No se trata de un mal deseo, expreso lo que considero que es una opinión sobre la realidad. ¿Alguien cree, a estas alturas, que la intervención de Europa puede aportar algo a la resolución del conflicto que no sea humillante para Ucrania y que ponga a Rusia en su sitio? Después de la exhibición de desprecio, amenazas y bravuconería que ha protagonizado Donald Trump en la taberna global de la Casa Blanca y del indigno y vergonzoso espectáculo de sumisión con que ha respondido la UE, resulta inimaginable un final de la guerra en el que no salgan beneficiados Rusia y Estados Unidos, mutilada Ucrania y ninguneada y advertida la UE.
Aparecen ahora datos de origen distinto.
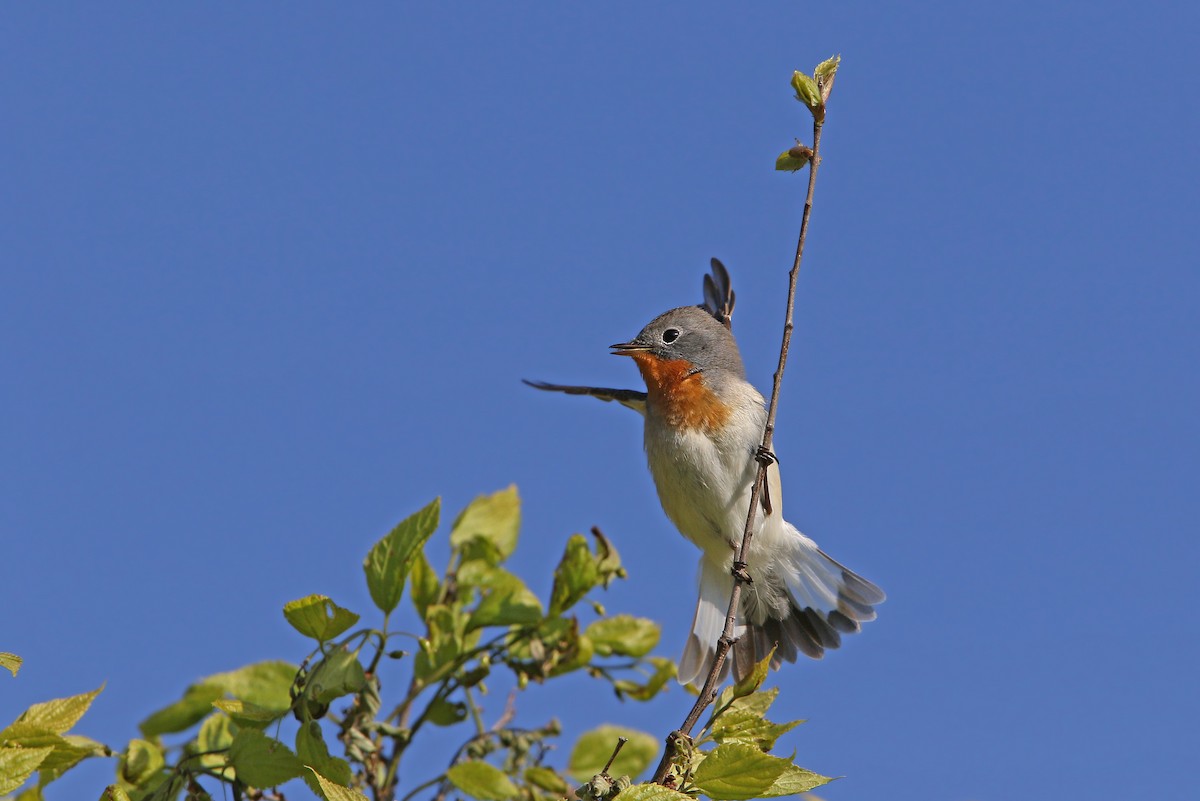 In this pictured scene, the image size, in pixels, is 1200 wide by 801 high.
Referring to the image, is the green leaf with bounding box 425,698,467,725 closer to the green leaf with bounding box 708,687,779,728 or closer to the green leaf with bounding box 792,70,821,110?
the green leaf with bounding box 708,687,779,728

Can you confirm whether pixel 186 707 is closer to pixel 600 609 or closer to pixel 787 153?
pixel 600 609

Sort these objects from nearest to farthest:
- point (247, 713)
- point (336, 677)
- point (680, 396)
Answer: point (247, 713)
point (336, 677)
point (680, 396)

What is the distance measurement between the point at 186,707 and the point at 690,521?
2972mm

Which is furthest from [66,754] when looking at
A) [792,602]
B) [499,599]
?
[792,602]

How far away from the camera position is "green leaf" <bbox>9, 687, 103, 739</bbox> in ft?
10.8

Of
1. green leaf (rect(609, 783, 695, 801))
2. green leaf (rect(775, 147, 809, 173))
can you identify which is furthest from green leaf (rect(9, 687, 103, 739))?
green leaf (rect(775, 147, 809, 173))

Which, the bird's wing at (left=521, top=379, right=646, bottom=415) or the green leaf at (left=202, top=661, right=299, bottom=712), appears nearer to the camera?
the green leaf at (left=202, top=661, right=299, bottom=712)

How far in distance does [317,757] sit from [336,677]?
1.06 feet

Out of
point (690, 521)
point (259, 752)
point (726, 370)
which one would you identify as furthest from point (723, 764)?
point (726, 370)

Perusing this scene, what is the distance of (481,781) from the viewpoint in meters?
4.18

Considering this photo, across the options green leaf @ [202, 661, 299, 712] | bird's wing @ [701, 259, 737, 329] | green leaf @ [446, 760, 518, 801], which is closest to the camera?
green leaf @ [446, 760, 518, 801]

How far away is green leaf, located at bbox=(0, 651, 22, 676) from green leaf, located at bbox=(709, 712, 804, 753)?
1.82m

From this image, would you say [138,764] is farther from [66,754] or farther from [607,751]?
[607,751]

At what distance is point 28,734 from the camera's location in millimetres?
3242
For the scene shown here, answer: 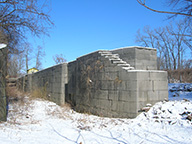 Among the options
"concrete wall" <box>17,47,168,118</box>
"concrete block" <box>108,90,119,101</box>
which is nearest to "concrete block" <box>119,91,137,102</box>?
"concrete wall" <box>17,47,168,118</box>

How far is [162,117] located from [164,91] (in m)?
1.37

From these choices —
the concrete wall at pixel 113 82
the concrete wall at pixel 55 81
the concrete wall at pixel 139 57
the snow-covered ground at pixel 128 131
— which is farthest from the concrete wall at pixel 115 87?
the concrete wall at pixel 55 81

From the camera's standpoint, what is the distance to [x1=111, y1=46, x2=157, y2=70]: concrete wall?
25.0 ft

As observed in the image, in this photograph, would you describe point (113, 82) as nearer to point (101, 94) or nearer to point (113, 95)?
point (113, 95)

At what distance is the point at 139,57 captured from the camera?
25.1 ft

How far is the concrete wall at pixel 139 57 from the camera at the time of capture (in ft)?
25.0

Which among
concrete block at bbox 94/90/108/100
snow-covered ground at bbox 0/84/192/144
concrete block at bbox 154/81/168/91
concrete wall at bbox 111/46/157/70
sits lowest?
snow-covered ground at bbox 0/84/192/144

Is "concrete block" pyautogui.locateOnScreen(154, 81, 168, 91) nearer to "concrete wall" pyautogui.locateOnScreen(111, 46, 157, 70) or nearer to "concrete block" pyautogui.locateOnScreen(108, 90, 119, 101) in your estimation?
"concrete block" pyautogui.locateOnScreen(108, 90, 119, 101)

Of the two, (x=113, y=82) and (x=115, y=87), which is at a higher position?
(x=113, y=82)

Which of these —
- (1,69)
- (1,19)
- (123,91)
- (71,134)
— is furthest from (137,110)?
(1,19)

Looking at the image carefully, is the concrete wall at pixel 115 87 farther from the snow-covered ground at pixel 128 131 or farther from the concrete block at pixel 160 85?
the snow-covered ground at pixel 128 131

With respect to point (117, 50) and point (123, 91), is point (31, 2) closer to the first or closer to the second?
point (117, 50)

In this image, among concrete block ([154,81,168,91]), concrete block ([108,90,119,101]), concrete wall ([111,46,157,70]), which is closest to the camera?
concrete block ([154,81,168,91])

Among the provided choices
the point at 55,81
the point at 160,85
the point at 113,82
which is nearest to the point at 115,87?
the point at 113,82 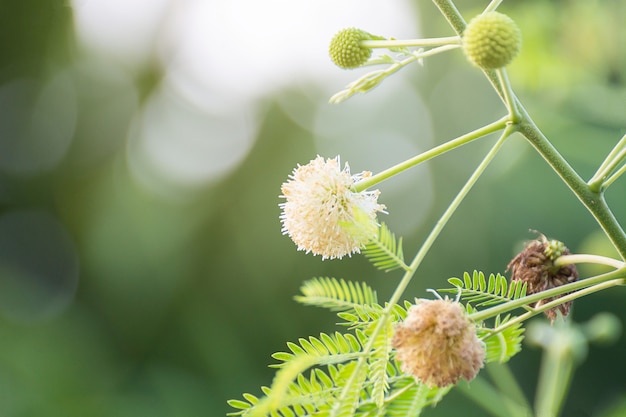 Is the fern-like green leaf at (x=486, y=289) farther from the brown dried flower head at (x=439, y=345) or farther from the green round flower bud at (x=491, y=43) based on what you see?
the green round flower bud at (x=491, y=43)

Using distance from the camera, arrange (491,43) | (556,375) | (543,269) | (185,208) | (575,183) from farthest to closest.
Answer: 1. (185,208)
2. (556,375)
3. (543,269)
4. (575,183)
5. (491,43)

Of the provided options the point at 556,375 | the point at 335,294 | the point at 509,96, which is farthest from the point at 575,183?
the point at 556,375

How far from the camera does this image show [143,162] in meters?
8.32

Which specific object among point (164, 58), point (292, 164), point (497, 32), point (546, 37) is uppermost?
point (164, 58)

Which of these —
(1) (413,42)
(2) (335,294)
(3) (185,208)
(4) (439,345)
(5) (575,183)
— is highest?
(3) (185,208)

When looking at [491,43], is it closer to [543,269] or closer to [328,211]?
[328,211]

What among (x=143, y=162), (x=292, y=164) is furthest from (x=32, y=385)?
(x=292, y=164)

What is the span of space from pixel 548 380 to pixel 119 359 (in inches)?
255

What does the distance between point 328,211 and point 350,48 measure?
0.24 meters

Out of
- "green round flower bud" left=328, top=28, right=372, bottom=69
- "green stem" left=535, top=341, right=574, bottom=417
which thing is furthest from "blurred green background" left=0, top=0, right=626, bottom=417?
"green round flower bud" left=328, top=28, right=372, bottom=69

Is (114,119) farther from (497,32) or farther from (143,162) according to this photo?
(497,32)

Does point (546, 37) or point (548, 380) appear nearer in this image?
point (548, 380)

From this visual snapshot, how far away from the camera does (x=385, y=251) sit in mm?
978

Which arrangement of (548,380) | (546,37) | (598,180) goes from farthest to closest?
(546,37) < (548,380) < (598,180)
Y es que una Europa incapaz de negociar directamente con Trump aranceles sin claudicar no puede pretender ahora influir sobre esta reunión. Si Trump logra acabar con esta guerra pactando la cesión territorial permanente, Europa hará lo de siempre: seguir lo que diga el Boss. Y, además, no olvidemos que las fronteras de Europa se han movido durante siglos —incluyendo el siglo pasado— a punta de cañón. Por ello, si Ucrania tiene que ceder territorio, no sería la primera ni la última vez que algo así ocurra. Lo importante, a mi modo de ver, es acabar de una vez por todas con una guerra que desangra a Ucrania y presiona económicamente a Europa. Es por ello que deduzco que no va a haber otra desenlace que ceder la franja oriental de Ucrania, tal vez con algún tipo de autonomía o gestión federal, o como sea. Pero Rusia va a impedir que desaparezca su paso a Crimea. Y nada de OTAN. A cambio, Ucrania podría integrarse en el mercado común tras un periodo de reconstrucción. No creo que se pueda negociar nada más allá de reparaciones económicas.
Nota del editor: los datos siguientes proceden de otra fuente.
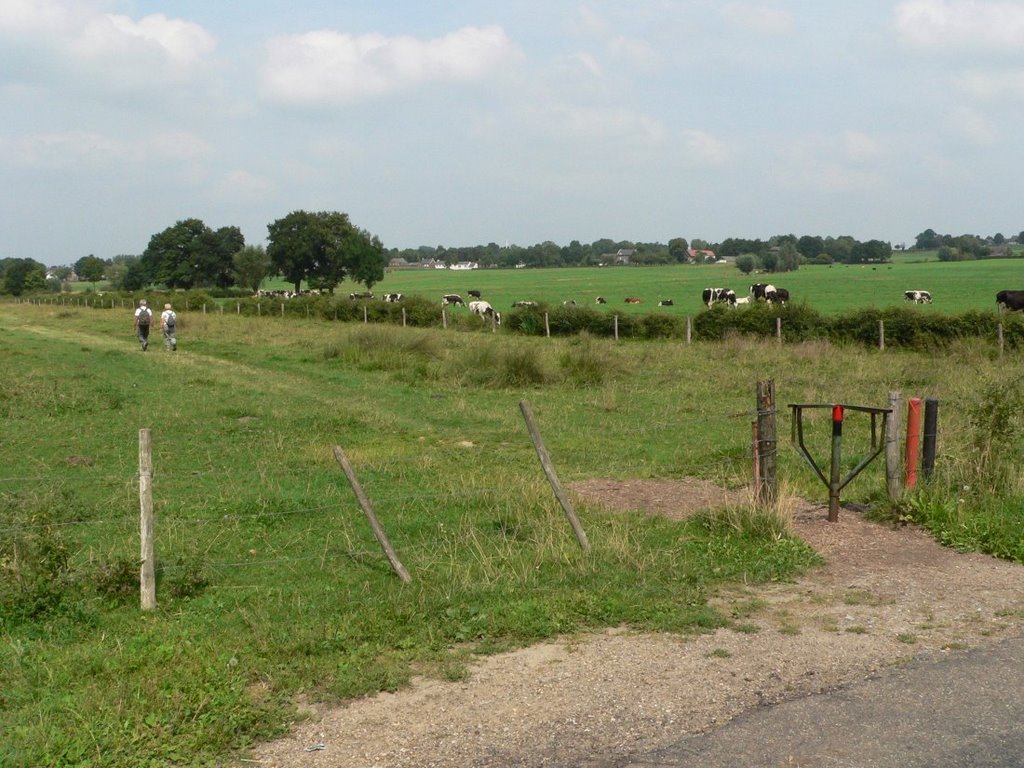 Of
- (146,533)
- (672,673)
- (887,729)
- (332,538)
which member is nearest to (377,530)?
(146,533)

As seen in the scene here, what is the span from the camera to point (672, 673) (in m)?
6.09

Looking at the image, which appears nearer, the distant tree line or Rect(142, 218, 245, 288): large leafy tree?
the distant tree line

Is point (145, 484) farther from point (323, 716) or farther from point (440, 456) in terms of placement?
point (440, 456)

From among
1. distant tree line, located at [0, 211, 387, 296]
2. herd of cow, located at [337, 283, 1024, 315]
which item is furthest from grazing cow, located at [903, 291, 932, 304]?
distant tree line, located at [0, 211, 387, 296]

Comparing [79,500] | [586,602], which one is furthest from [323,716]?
[79,500]

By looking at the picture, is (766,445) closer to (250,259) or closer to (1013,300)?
(1013,300)

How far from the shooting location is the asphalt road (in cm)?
495

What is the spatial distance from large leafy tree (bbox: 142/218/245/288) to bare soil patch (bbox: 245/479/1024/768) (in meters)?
95.9

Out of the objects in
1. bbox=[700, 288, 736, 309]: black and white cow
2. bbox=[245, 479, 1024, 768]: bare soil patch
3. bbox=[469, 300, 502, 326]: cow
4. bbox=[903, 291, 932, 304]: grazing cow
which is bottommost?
bbox=[903, 291, 932, 304]: grazing cow

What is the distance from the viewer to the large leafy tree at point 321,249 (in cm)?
8556

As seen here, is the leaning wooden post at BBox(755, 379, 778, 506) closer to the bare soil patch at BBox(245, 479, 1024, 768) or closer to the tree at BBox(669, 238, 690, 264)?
the bare soil patch at BBox(245, 479, 1024, 768)

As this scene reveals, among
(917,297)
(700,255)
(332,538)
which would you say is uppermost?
(700,255)

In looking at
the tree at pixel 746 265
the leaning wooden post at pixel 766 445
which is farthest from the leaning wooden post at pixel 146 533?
the tree at pixel 746 265

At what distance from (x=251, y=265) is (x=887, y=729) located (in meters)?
96.7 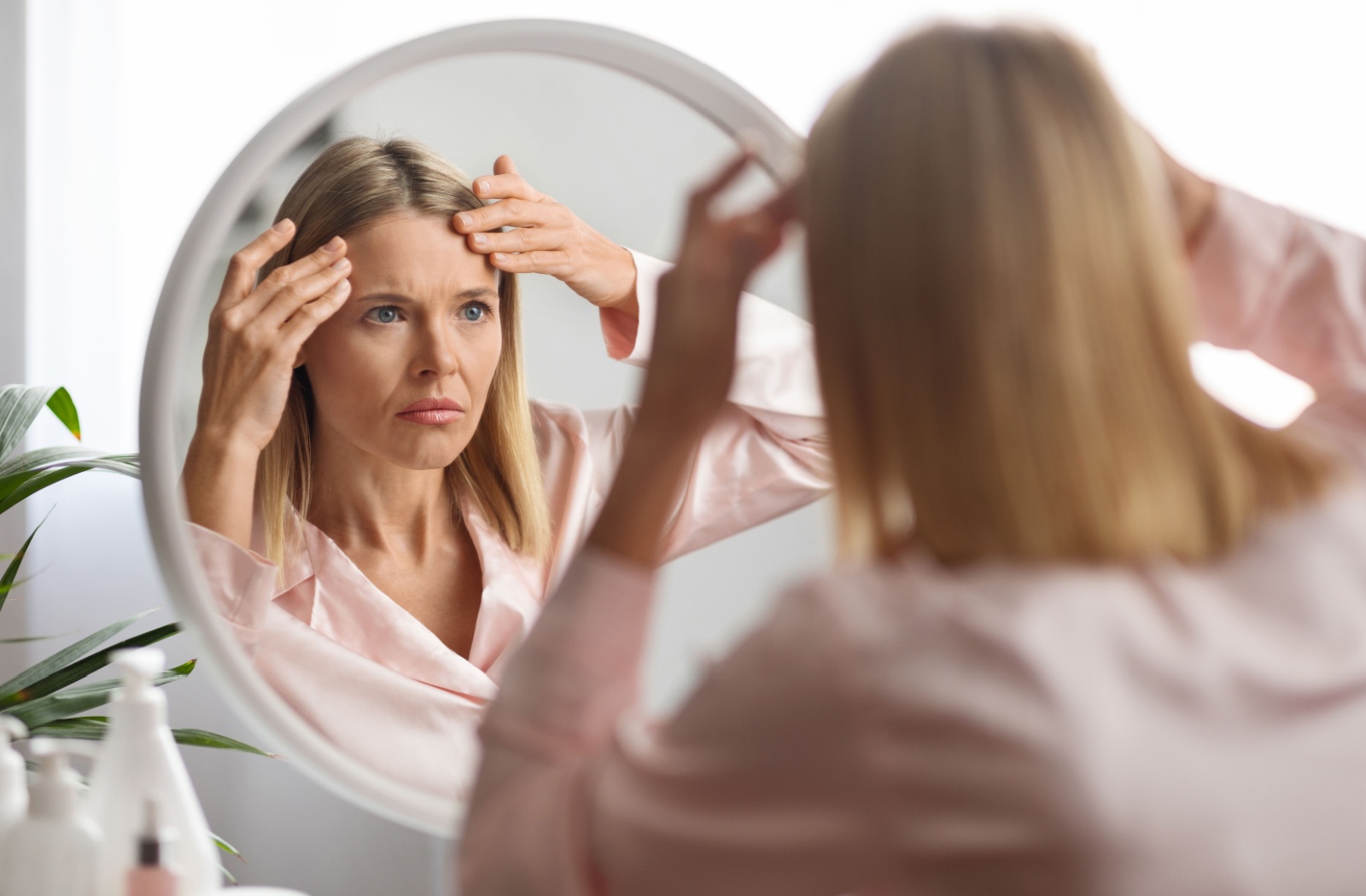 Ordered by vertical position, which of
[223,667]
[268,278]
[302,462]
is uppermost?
[268,278]

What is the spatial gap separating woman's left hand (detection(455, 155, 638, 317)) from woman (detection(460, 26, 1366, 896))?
0.29 metres

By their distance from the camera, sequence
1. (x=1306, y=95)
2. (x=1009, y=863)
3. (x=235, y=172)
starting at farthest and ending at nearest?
(x=1306, y=95)
(x=235, y=172)
(x=1009, y=863)

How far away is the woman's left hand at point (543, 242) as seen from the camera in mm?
711

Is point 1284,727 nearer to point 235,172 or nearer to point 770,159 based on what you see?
point 770,159

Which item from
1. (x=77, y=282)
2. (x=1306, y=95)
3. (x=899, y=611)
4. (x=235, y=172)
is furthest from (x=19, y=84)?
(x=1306, y=95)

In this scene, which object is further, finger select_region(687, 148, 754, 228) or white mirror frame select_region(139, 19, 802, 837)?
white mirror frame select_region(139, 19, 802, 837)

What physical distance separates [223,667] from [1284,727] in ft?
1.74

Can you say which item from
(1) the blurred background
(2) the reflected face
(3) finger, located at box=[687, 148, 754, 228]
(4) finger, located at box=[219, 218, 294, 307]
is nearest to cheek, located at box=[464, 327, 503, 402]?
(2) the reflected face

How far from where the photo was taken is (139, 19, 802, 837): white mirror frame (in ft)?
2.15

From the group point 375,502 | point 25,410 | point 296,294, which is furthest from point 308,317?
point 25,410

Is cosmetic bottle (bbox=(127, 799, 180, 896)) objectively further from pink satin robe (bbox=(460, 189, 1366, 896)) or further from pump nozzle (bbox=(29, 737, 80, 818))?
pink satin robe (bbox=(460, 189, 1366, 896))

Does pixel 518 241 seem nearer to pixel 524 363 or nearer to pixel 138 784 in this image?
pixel 524 363

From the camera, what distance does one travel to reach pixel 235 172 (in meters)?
0.66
Europa conlleva ahora las consecuencias de su dependencia militar —asentida— de Estados Unidos desde sus orígenes: un país no europeo, con conceptos distintos sobre la democracia y los derechos de los ciudadanos. Si en un principio esa dependencia estaba justificada como consecuencia de su intervención en la Segunda Guerra Mundial y de la continuidad de la dictadura soviética en el Este, la construcción de la Unión Europea debería haber relevado a EE. UU. de su función protectora y haber cerrado las numerosas bases militares que aún conserva, asumiendo —en consonancia con su desarrollo político— su propia defensa, independiente de su aliado o, al menos, el control de la misma. Pero, desgraciadamente, no ha sido así. Y nos encontramos, por ello, en la penosa situación actual: debemos suplicar a un líder de un país no europeo que nos defienda y aceptar cualquier decisión que tome, por humillante que sea.